Сейчас же получено тому подтверждение. По условию пароходная компания ввиду высадки нас в Кенигсберге, а не в Штеттине (взяв с нас до Штеттина 6 фунтов с человека), должна была пассажиров даром в III классе доставить до Берлина. Однако когда дело дошло до посадки на поезд, то нашлись какие-то отговорки: будто бы вследствие забастовки не доставлено в Кенигсберг достаточное количество ассигнаций, и нам пришлось за проезд платить. Мы утихомирились, когда выяснилось, что во II классе проезд стоит
1 200 000 марок, то есть даже по тому курсу, по которому нам считал кассир (это официальное лицо, заподозрить в трепотне которого не посмел бы в былое время самый лютый враг Германии) равнялось всего 2 марки 40 пфеннигов прежних денег!
Вообще же в Кенигсберге мы могли изучать зыбкость и дилетантизм всей операции с валютой. На станции нам считали доллар в 2 000 000 (у других пассажиров тот же кассир не пожелал его покупать выше 1 500 000 или 1 200 000 марок), в ресторане 3 миллиона, в кафе 2 200 000, шофер, катавший нас за город — 2 000 000, а на самом деле доллар в субботу остановился на 3 '/2 миллионах, по другим же — на 4-х миллионах.

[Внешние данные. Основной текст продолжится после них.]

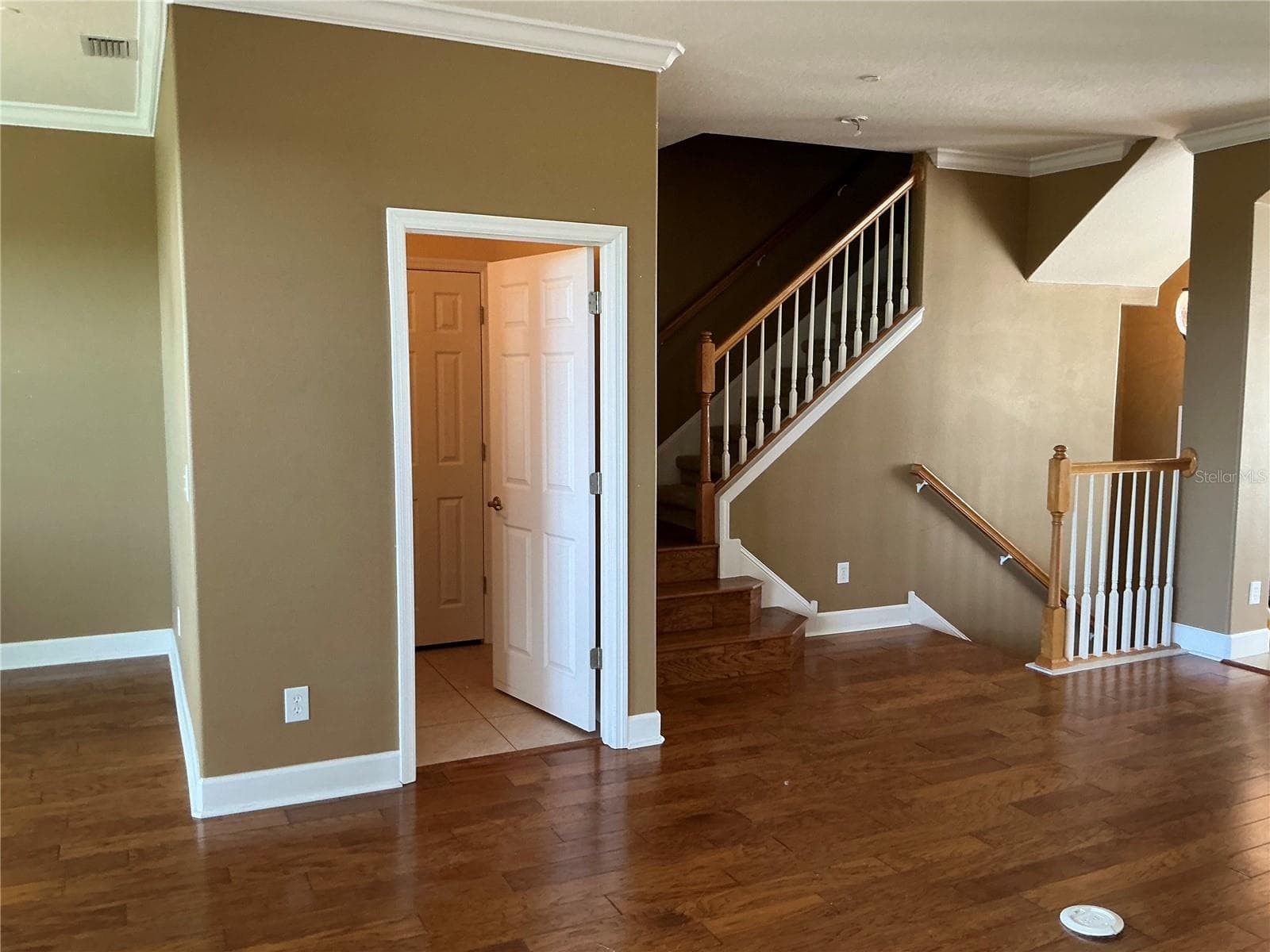 Townhouse at 7059 ISLAMORADA CIR, SEMINOLE, photo 12 of 56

В Берлине в единственном в столь утренний час открытом буфете на вокзале (где всегда «безбожно» драли, но тогда безбожностью называлась разница в 10 процентов) мне на 5 долларов дали всего 11 миллионов 300 000. Еще особенность та, что всех обладателей валюты призывают продавать ее лишь крошечными порциями (зато поминутно карманы пустеют, и тогда готов менять хотя бы в убыток). Всего этого я не ожидал от немцев, от толковых, четких, столь реально ощущавших жизнь немцев. Когда у нас только начинались аналогичные явления, я указывал на Германию и утверждал, что там ничего подобного произойти не может, ибо там люди «слишком хорошо осознают стоимость труда и вещи, не то что у нас, в нашей стране сплошной фантастичности». На проверку же у немцев выходит, что и само представление о реальной цене исчезло. Думаю, что известной категории людей (специально оперирующей с валютой) это очень выгодно, но не им же одним мог удаться такой план — сбить с толку целый народ, а не только «умных финансистов» (на этих «мудрецов» — это доказала война — всегда «довольно простоты»), не только всяких легкомысленных и беспочвенных людишек («интеллигентов», поэтов, художников, прожектеров-доктрине-ров), но и соль земли немецкой — немецкого лавочника, который вместо того, чтобы наловчиться придерживаться той же реальной нормы или все продать поэффектнее, не перестает болтать зря о «дороговизне», отдавая свои товары буквально за гроши.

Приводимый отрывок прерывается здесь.